======== INPUT MATERIAL
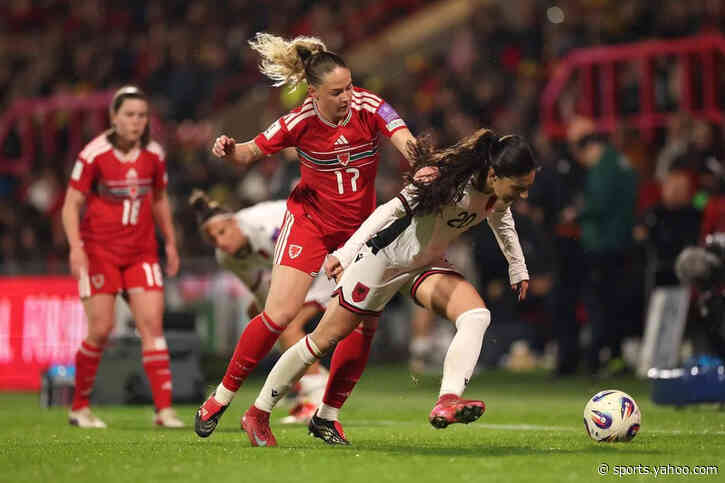 Watford sign Welsh international forward Poole
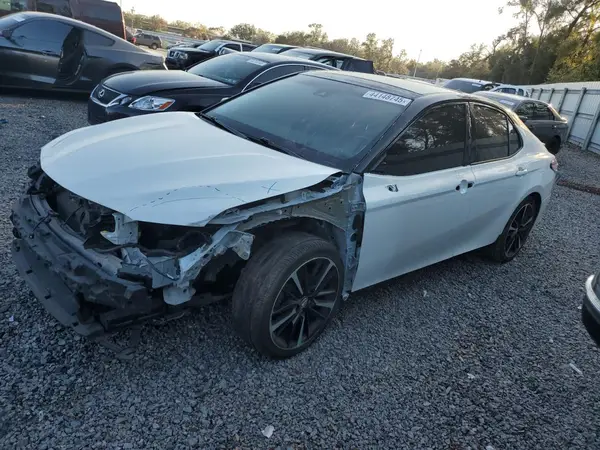 4T1BZ1HK8JU019489 2018 TOYOTA CAMRY - Image 1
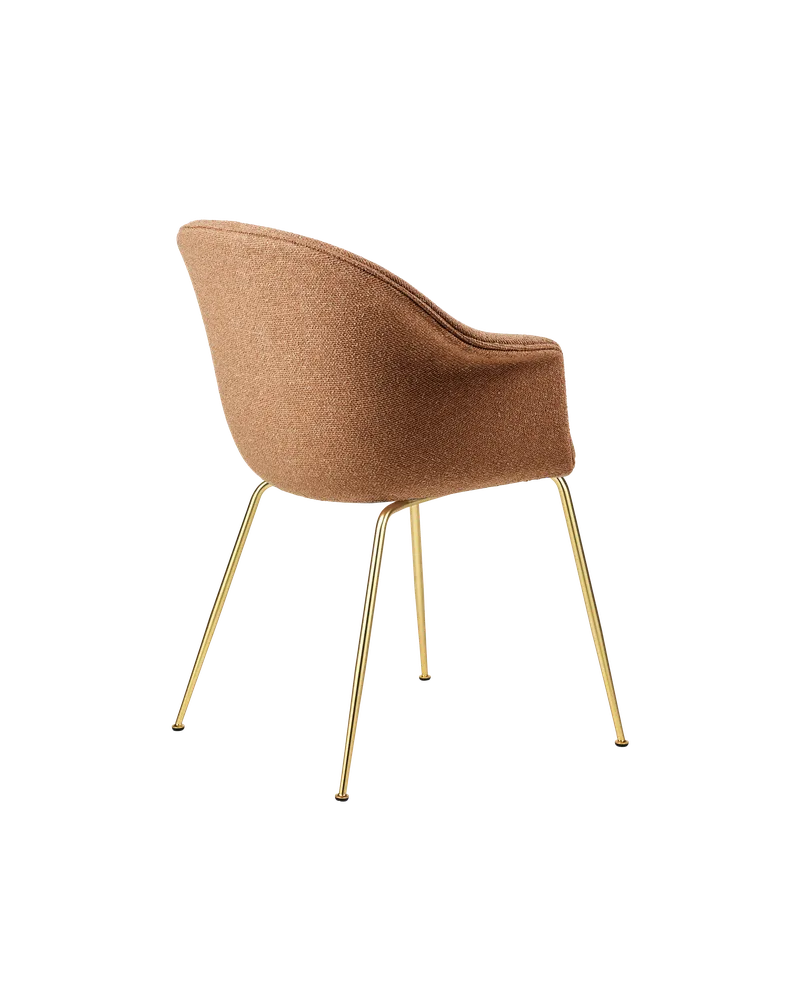 Bat Dining Chair, Fully Upholstered von GUBI in Around Bouclé, Dedar (032, Standard), Conic base, Brass Semi Matt – Produktfoto 3 von 4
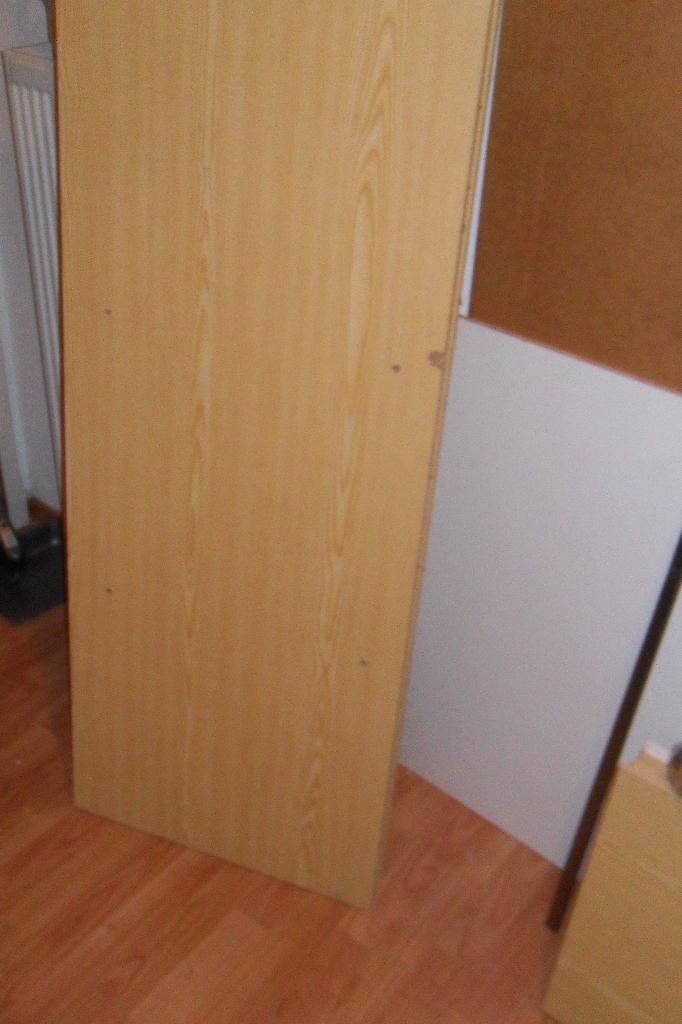 kleerkast gratis op tehalen, Huis en Inrichting, Kasten | Kleerkasten, Gebruikt, Ophalen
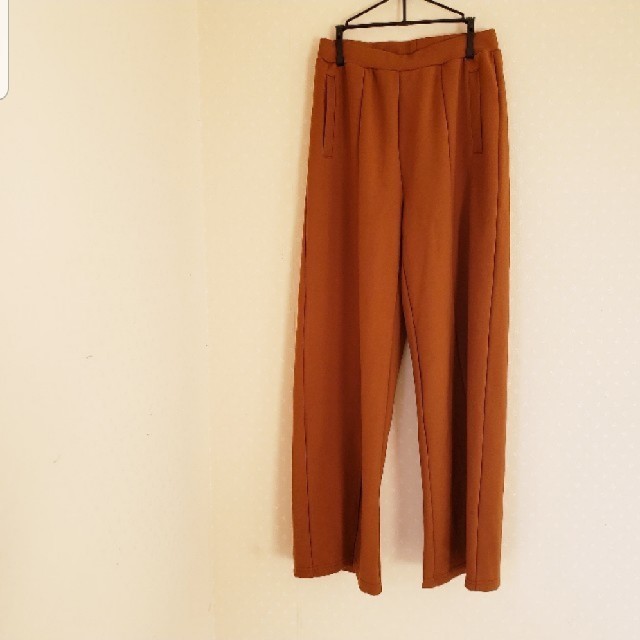 RODEO CROWNS WIDE BOWL(ロデオクラウンズワイドボウル)のfront slit pants. レディースのパンツ(カジュアルパンツ)の商品写真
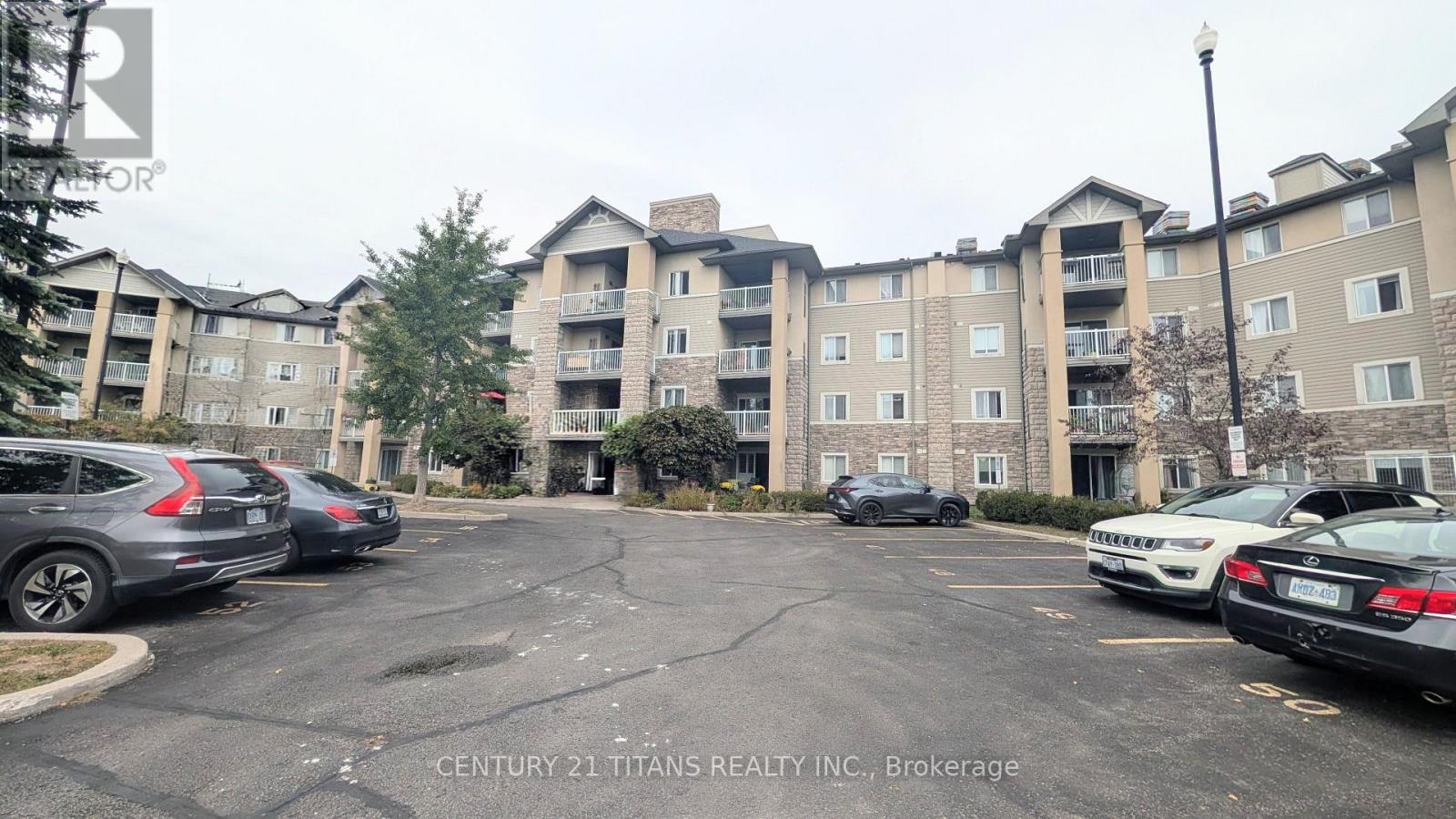 115 - 684 WARDEN AVENUE Property Photo 1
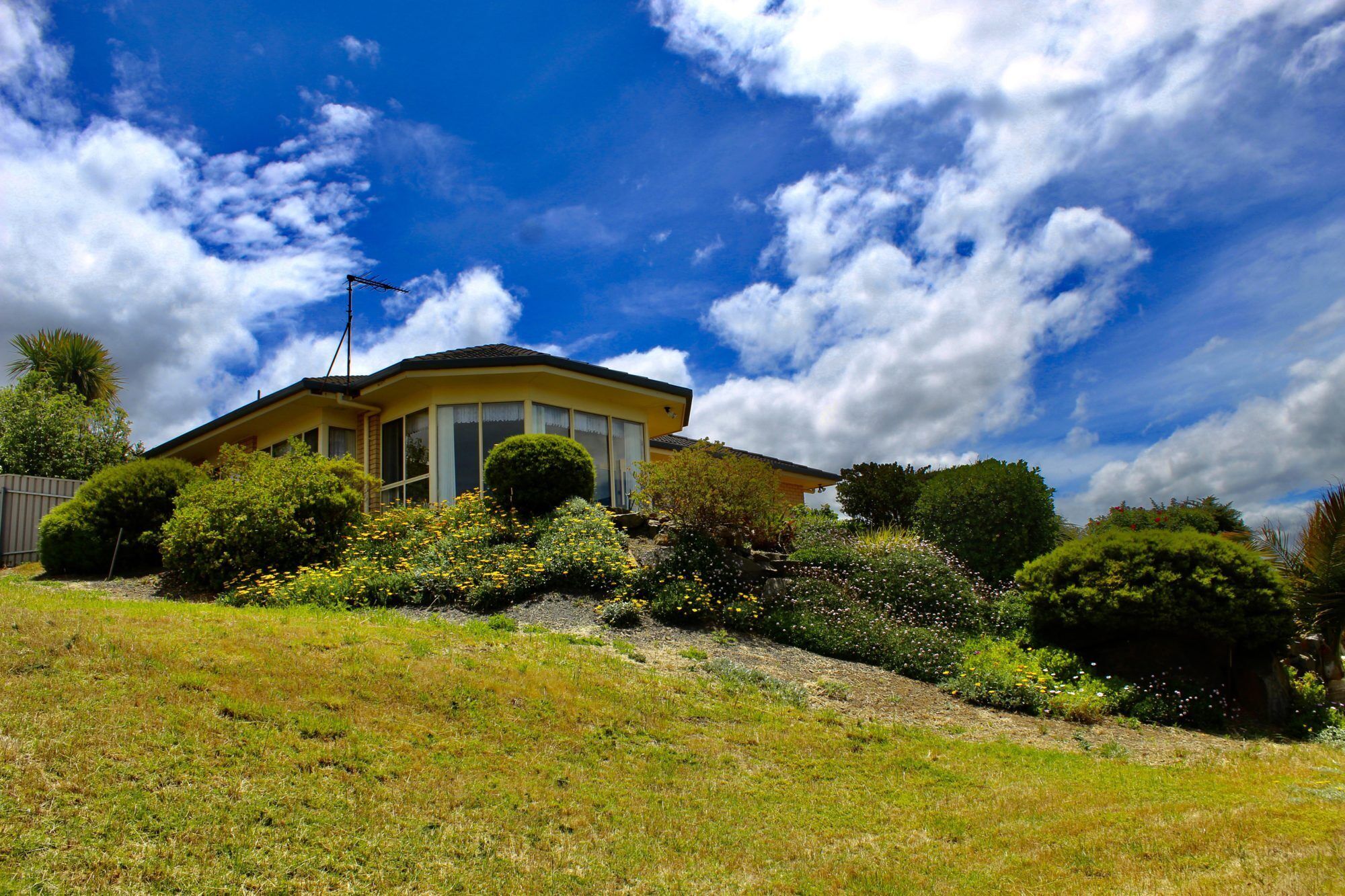 Villa Marie: 3 Bedrooms Family Friendly | Walk to the Beach + Sea View | Pets Welcome (Outdoors) | BBQ Patio | — image 23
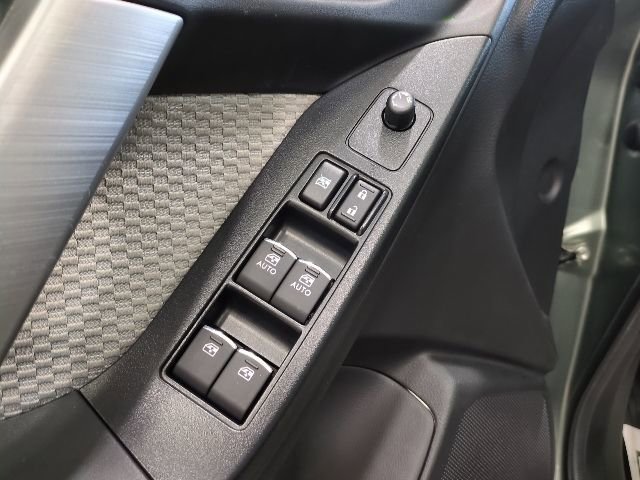 Used 2018 Subaru Forester 2.5i Premium image 17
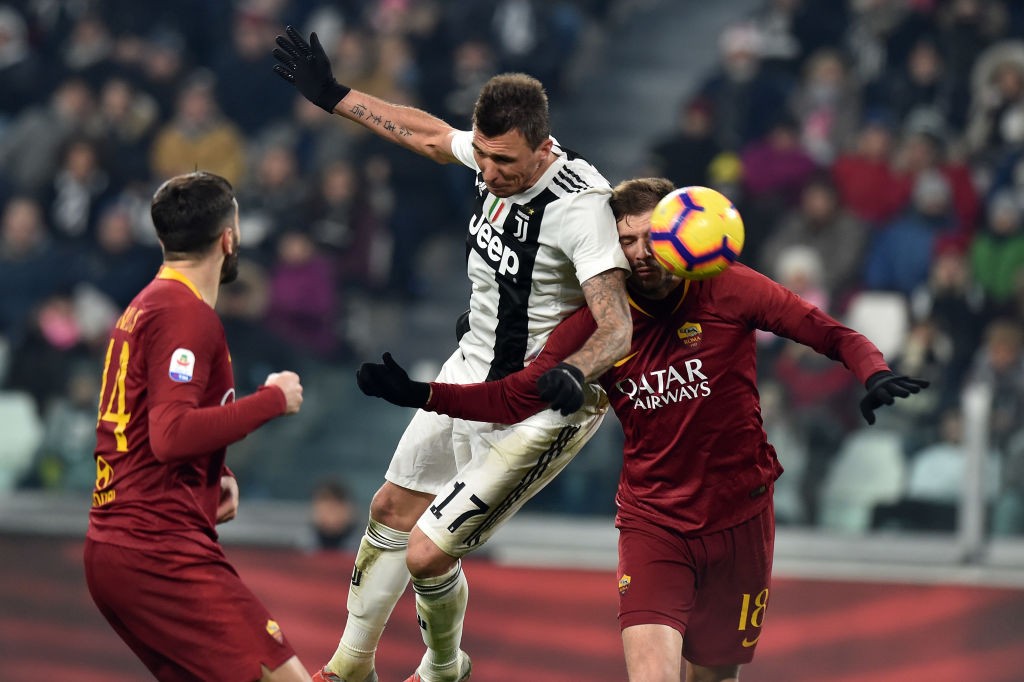 Juventus Roma 1-0: le pagelle. Stessa partita in loop da anni. Santon vanifica un’ottima partita con la dormita sul gol di Mandzukic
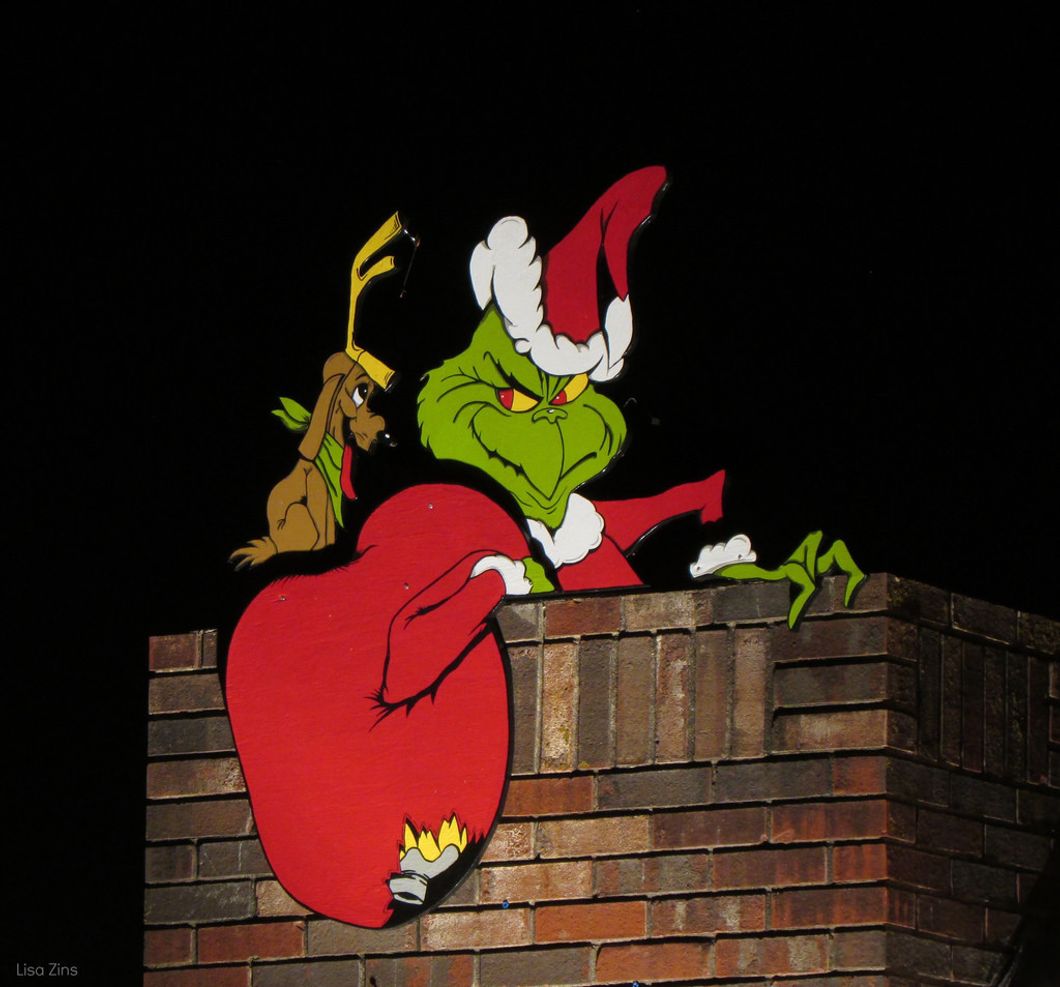 5 Ways To Avoid Being The Grinch This Holiday Season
================
### WHAT YOU HAVE TO DO
Print exactly the lines from the one containing "Villa Marie: 3" through the last line of the records, both included, and leave out the pictures.

### ANSWER SECTION
 Villa Marie: 3 Bedrooms Family Friendly | Walk to the Beach + Sea View | Pets Welcome (Outdoors) | BBQ Patio | — image 23
 Used 2018 Subaru Forester 2.5i Premium image 17
 Juventus Roma 1-0: le pagelle. Stessa partita in loop da anni. Santon vanifica un’ottima partita con la dormita sul gol di Mandzukic
 5 Ways To Avoid Being The Grinch This Holiday Season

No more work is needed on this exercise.